▶ _Dataset records_:
Start of Block

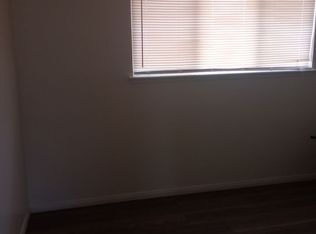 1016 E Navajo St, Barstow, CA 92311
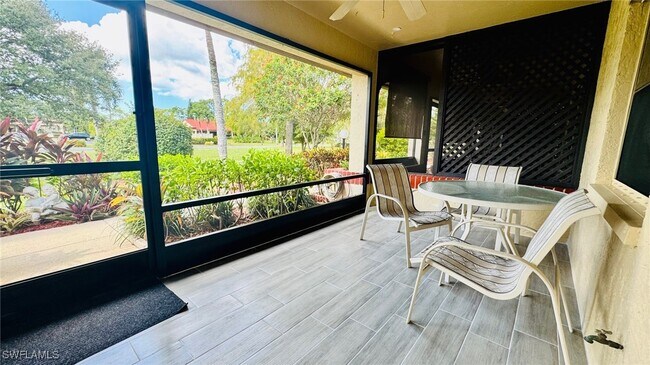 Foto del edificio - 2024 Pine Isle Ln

End of Block
Start of Block

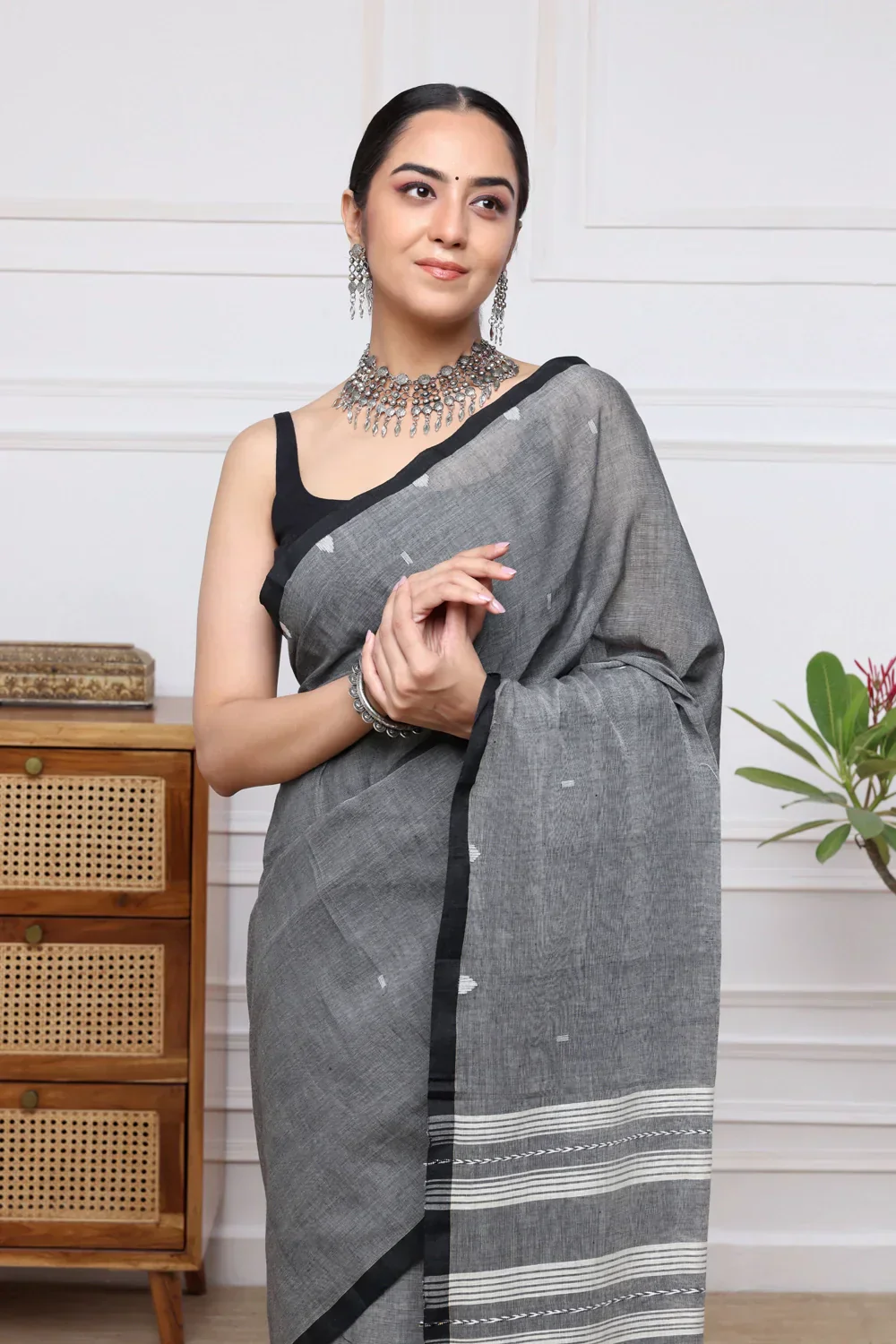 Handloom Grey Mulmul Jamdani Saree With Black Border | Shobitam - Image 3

End of Block

From the records above, copy exactly the lines starting at the one with "1016 E Navajo St, Barstow, CA 92311" and ending at the one with "Foto del edificio - 2024 Pine Isle Ln", and no others. Pictures stay out.

 1016 E Navajo St, Barstow, CA 92311
 Foto del edificio - 2024 Pine Isle Ln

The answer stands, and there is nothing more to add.